> **Caption-style text data**

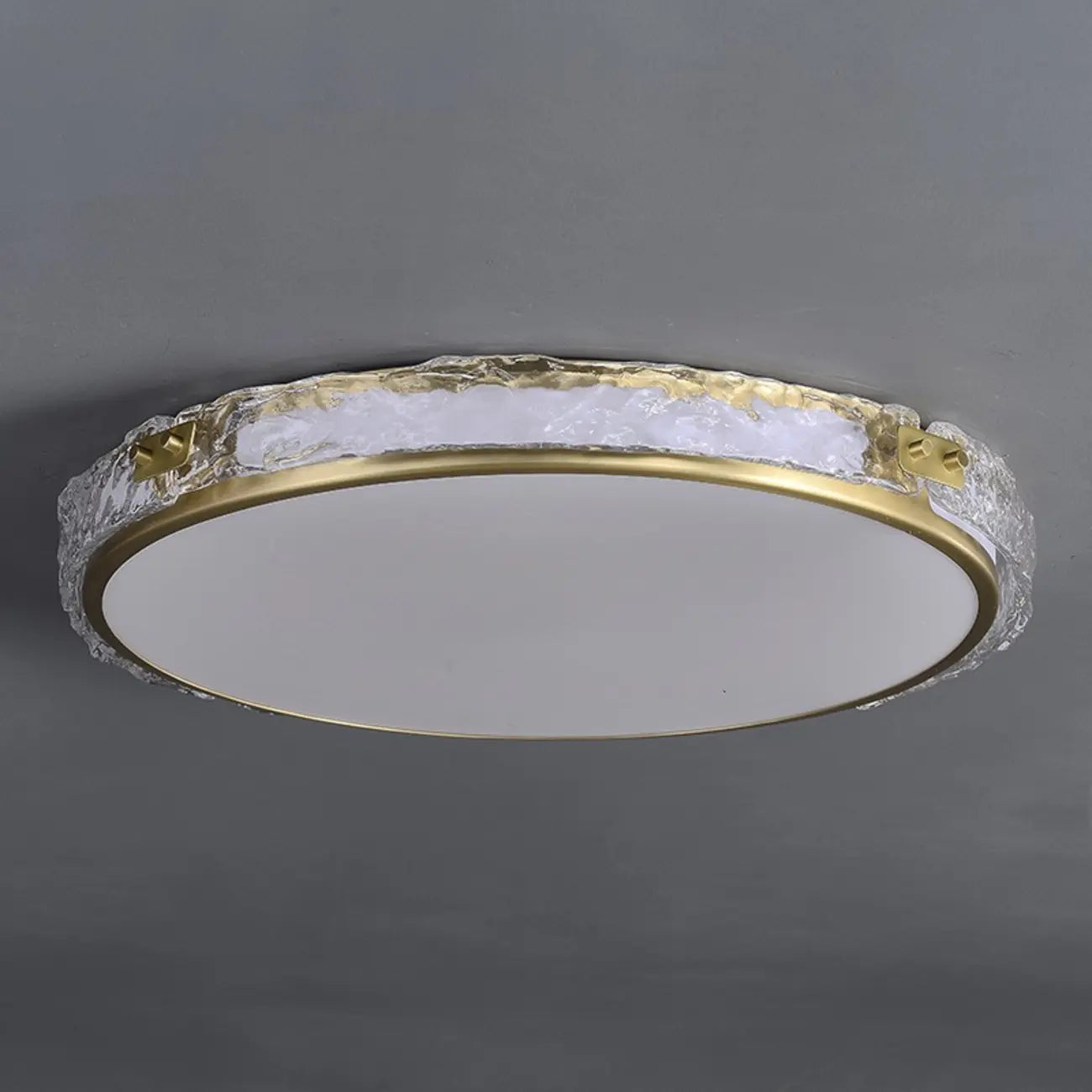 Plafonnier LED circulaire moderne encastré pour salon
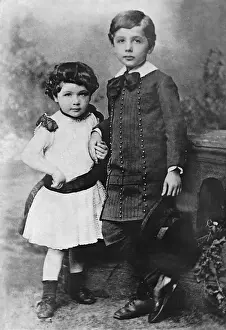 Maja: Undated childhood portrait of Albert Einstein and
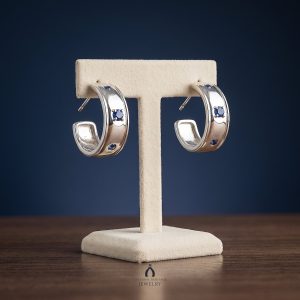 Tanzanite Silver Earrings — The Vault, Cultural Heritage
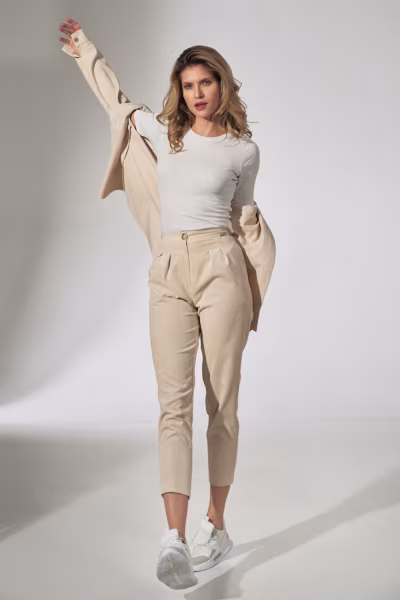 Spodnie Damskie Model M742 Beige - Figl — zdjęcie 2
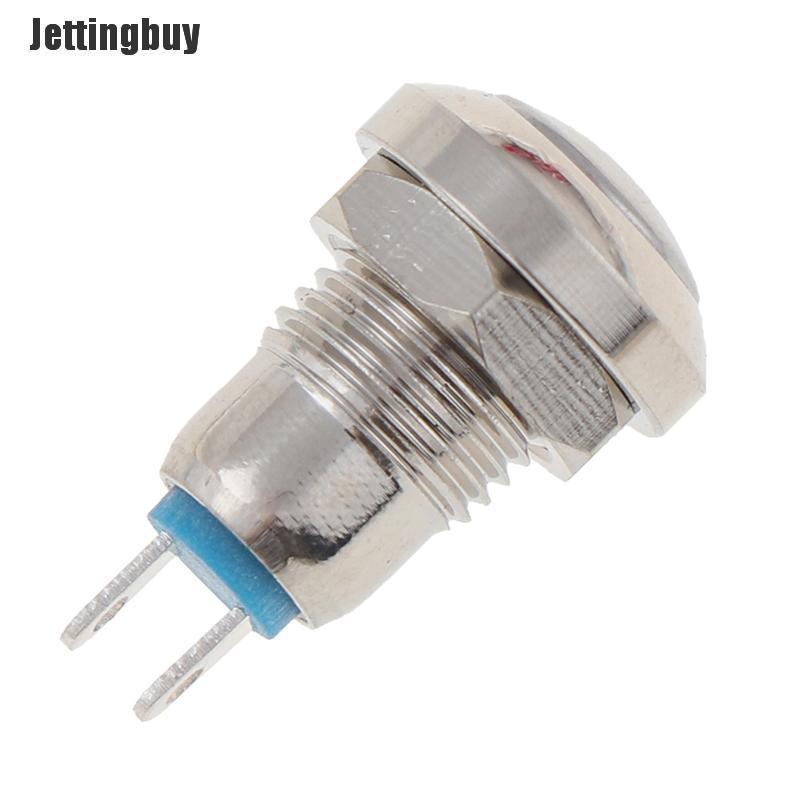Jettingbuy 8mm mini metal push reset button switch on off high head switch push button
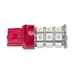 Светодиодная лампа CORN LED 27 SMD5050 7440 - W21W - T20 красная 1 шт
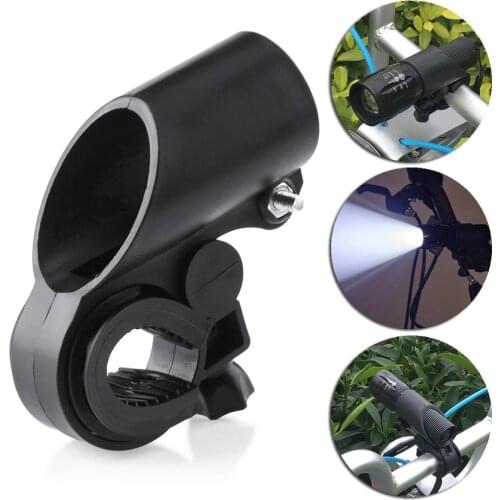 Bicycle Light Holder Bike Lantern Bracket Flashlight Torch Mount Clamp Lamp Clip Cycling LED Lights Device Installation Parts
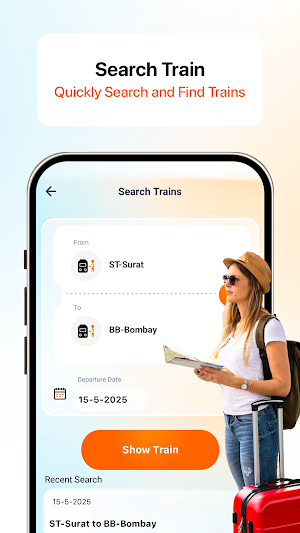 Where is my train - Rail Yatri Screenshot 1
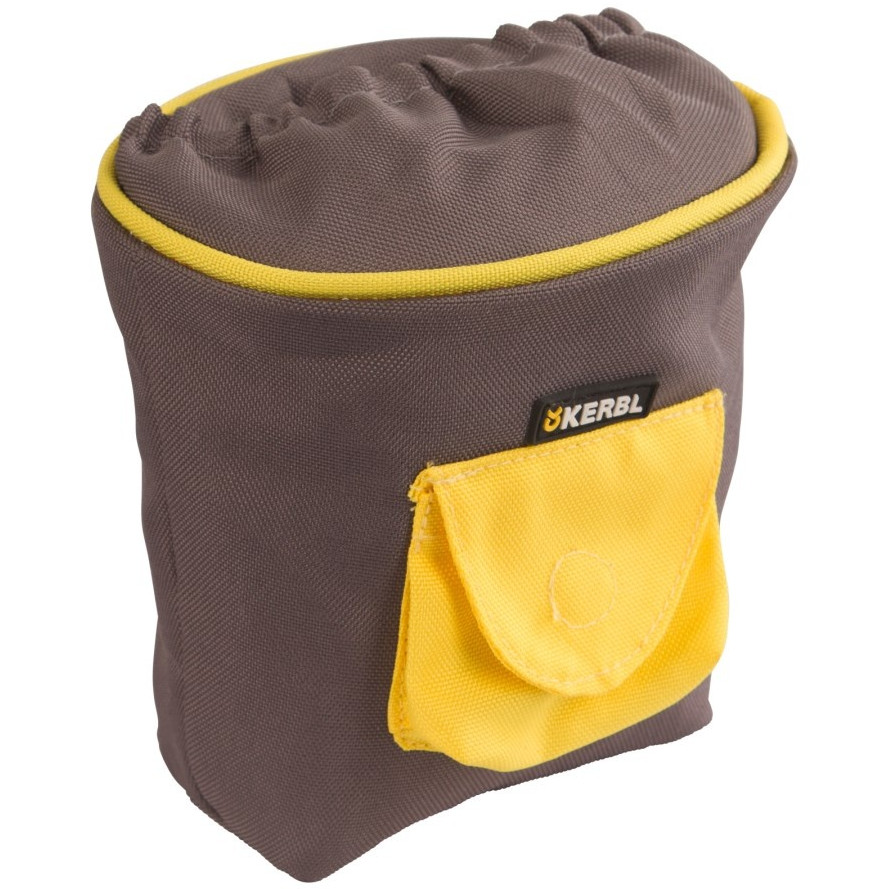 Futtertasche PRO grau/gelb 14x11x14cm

> **Task instructions**
The copy must start at the line containing "Светодиодная лампа CORN" and end at the last line of the records, matching each line exactly and holding no pictures.

> **Expected answer**
 Светодиодная лампа CORN LED 27 SMD5050 7440 - W21W - T20 красная 1 шт
 Bicycle Light Holder Bike Lantern Bracket Flashlight Torch Mount Clamp Lamp Clip Cycling LED Lights Device Installation Parts
 Where is my train - Rail Yatri Screenshot 1
 Futtertasche PRO grau/gelb 14x11x14cm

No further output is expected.